[Task description]
Out of the records below, copy all lines in which the word "Road" occurs.

====

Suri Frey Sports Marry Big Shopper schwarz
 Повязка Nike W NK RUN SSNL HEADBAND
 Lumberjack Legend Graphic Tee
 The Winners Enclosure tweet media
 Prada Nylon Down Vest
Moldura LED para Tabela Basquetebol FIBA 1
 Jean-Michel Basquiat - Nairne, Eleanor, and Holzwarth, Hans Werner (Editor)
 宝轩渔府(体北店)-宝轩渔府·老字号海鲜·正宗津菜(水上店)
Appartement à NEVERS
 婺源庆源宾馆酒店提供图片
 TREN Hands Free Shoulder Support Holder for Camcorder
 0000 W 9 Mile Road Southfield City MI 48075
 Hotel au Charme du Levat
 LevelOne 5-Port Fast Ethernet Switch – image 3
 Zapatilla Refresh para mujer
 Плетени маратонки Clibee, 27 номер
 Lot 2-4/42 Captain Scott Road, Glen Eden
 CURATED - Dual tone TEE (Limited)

====

[Result]
 0000 W 9 Mile Road Southfield City MI 48075
 Lot 2-4/42 Captain Scott Road, Glen Eden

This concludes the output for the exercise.